Remaining competitive requires constant evolution.

For technology providers, standing still is rarely an option. Success depends on understanding where customers are heading, identifying emerging needs and adapting before those needs become urgent.

Innovation is not a project. It is a mindset.

Navigating economic pressure

One of the biggest challenges facing businesses today is the broader economic environment.

Budget scrutiny remains high, and spending decisions are taking longer than they did in previous years. Organisations continue to invest in technology, but they are doing so more cautiously and with greater focus on measurable returns.

This creates additional pressure for providers competing in an increasingly crowded market. Offshore competitors often introduce pricing challenges, while customers continue reviewing contracts and looking for opportunities to optimise expenditure.

At the same time, regulatory compliance requirements continue to expand.

For SMEs in particular, compliance exercises can create a difficult balancing act. While the outcomes are often valuable for both providers and customers, the cost of achieving and maintaining compliance can be significant, especially when organisations are simultaneously managing margin pressure and changing customer expectations.

The challenge is finding ways to remain competitive while continuing to invest in capability, security and quality.

Go big

One of the most influential pieces of advice I received early in my career was simple: go big.

At the time, I was told that pursuing a large enterprise opportunity often requires the same amount of effort as pursuing a smaller deal. The difference is the potential impact.

That advice has stayed with me because it extends far beyond sales.

Too often, organisations limit themselves before they have even tested what is possible. They assume bigger opportunities are out of reach or that ambitious goals are unrealistic.
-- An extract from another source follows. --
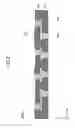 Fig. 03 - Wiring substrate and manufacturing method thereof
In reality, growth often comes from having the confidence to pursue opportunities that feel slightly uncomfortable.

The same principle applies to business leadership.

Whether it is entering new markets, investing in new capabilities or backing a bold idea, meaningful growth rarely comes from thinking small. It comes from being prepared to aim higher, challenge assumptions and embrace opportunities others might avoid.

In a market defined by uncertainty and change, ambition remains one of the most powerful differentiators a business can have.